## Your objective
A verbatim copy is needed of the lines below from the one containing "3 step Mosquito" up to and including the one containing "X0000112941055200908241316", excluding pictures.

## Source records
++++++++++++++++++++

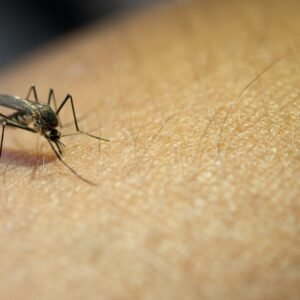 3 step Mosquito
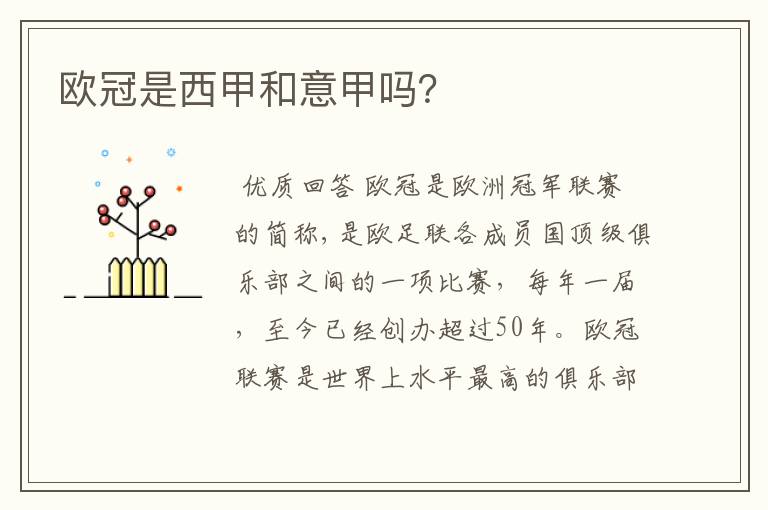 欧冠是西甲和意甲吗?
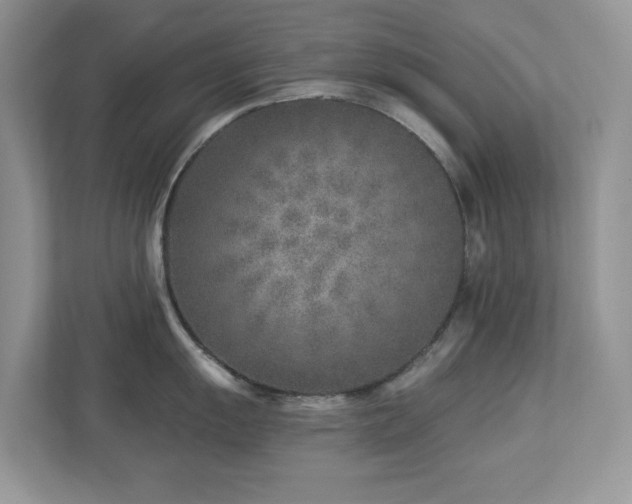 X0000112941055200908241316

++++++++++++++++++++

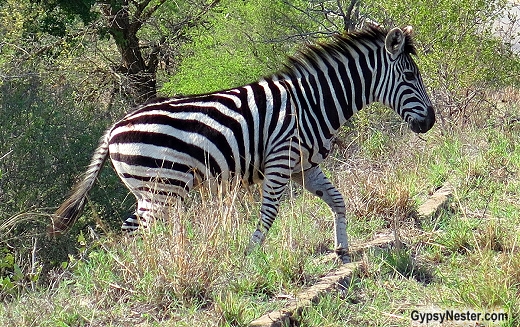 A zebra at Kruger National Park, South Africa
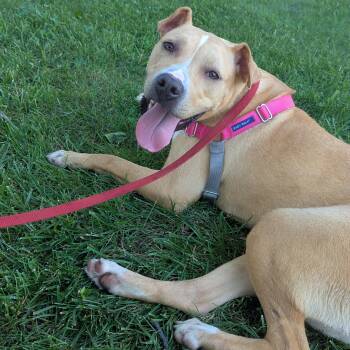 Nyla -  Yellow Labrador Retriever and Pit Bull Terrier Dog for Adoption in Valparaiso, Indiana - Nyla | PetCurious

++++++++++++++++++++

## Reply to the exercise
 3 step Mosquito
 欧冠是西甲和意甲吗?
 X0000112941055200908241316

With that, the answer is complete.